[Work to be completed]
Set down, exactly as written, the lines from the line holding "Condition for bridge" to the end of the data, inclusive, skipping any pictures.

BEGIN Exercise materials

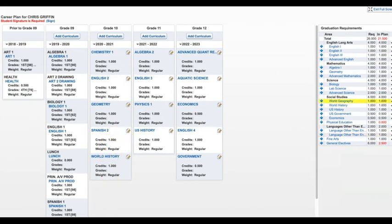As a side note, you may notice that there were some courses listed with a T in front of the course number on the left. These courses are transfer courses and not available to our students on our campus, but represent courses that students brought with them from other districts. You never want to select a course for your plan that has a T in front of the course number.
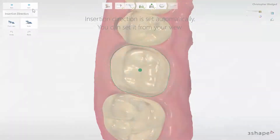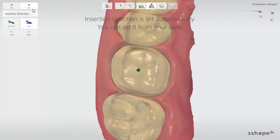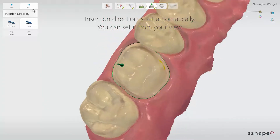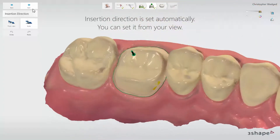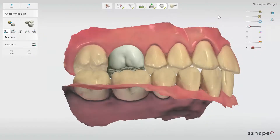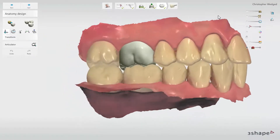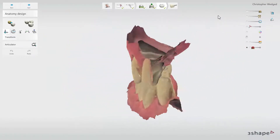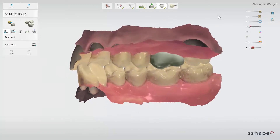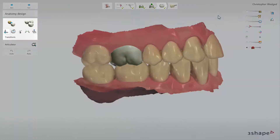The next step is Insertion Direction, which is automatically detected and has an optimal suggestion. Then go to the Anatomy Design step, where automatic placement creates a valid design. You can always perform some adjustments using the designing tools.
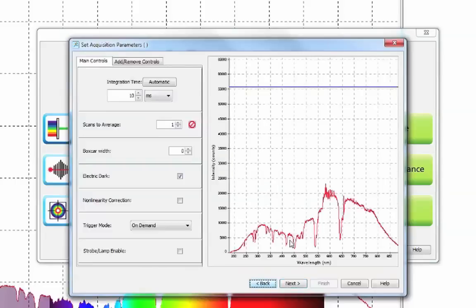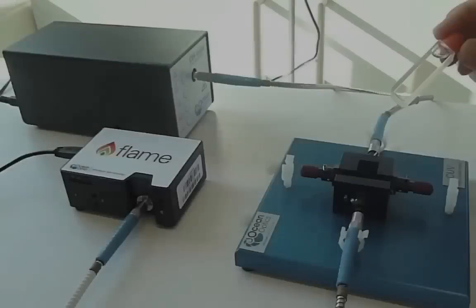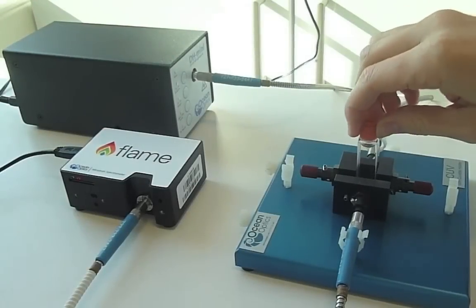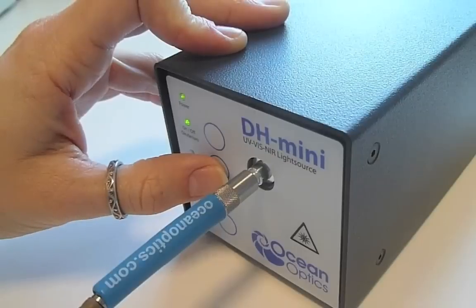Next you will be asked to set the parameters for your measurement. You will need to choose your integration time. To pick a suitable integration time, put your sample in the cuvette holder and switch on your light source.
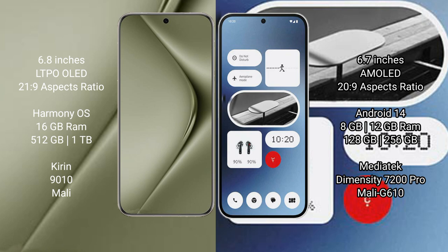Huawei Pura 70 Ultra runs on the HarmonyOS operating system. Nothing Phone 2a runs on Android 14. Huawei Pura 70 Ultra comes with 16GB RAM and 512GB to 1TB internal storage, Kirin 9010 processor, and Mali GPU. Nothing Phone 2a comes with 8GB to 12GB RAM and 128GB to 256GB internal storage, MediaTek Dimensity 7200 Pro processor, and Mali G610 GPU.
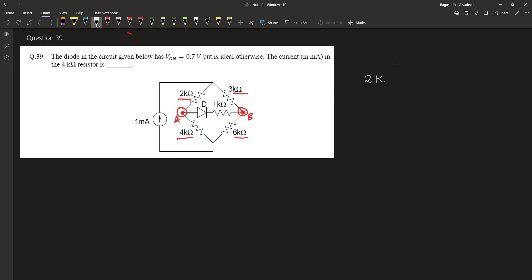Condition for bridge balance is if 2K divided by 4K is equal to 3K divided by 6K then the Wheatstone's bridge is said to be under balance. It is equal to the ratio 1 by 2. Therefore the bridge is balanced.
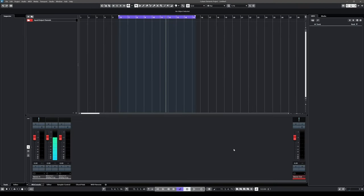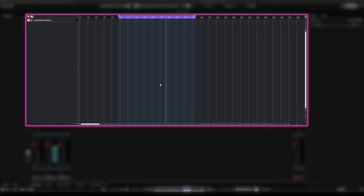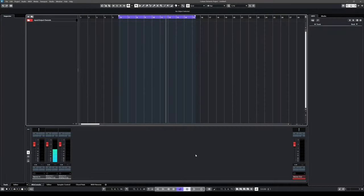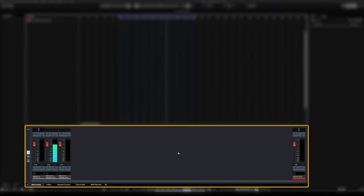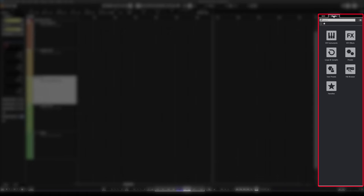Let's hit create and here we have an empty Cubase project. Cubase's interface is split into zones: we have the main section where all the channels, MIDI, and audio events will end up; the left zone with useful information about our channels; the lower zone which can display quite a few things; and the right zone where your instruments show up — it's also the home of Media Bay, which contains instruments, effects, loops, samples, and presets.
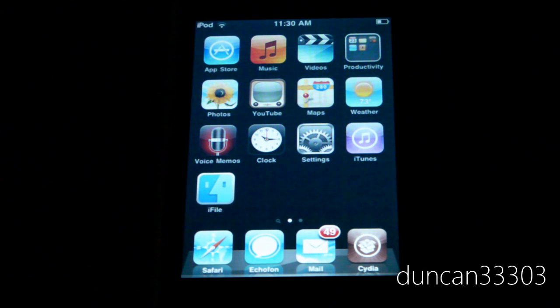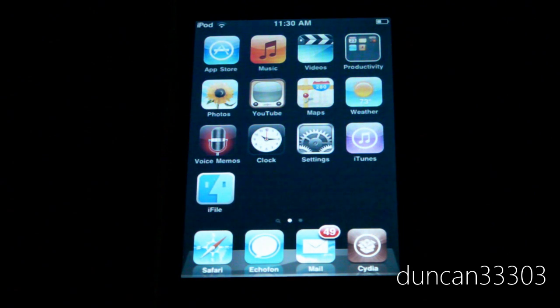It's kind of a personal preference. If you like what you see here, go ahead and download it from the Cydia store or Rock — it is $4.99 either way. So anyway guys, thanks for watching.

END Exercise materials

[Answer to the problem]
Condition for bridge balance is if 2K divided by 4K is equal to 3K divided by 6K then the Wheatstone's bridge is said to be under balance. It is equal to the ratio 1 by 2. Therefore the bridge is balanced.
Let's hit create and here we have an empty Cubase project. Cubase's interface is split into zones: we have the main section where all the channels, MIDI, and audio events will end up; the left zone with useful information about our channels; the lower zone which can display quite a few things; and the right zone where your instruments show up — it's also the home of Media Bay, which contains instruments, effects, loops, samples, and presets.
It's kind of a personal preference. If you like what you see here, go ahead and download it from the Cydia store or Rock — it is $4.99 either way. So anyway guys, thanks for watching.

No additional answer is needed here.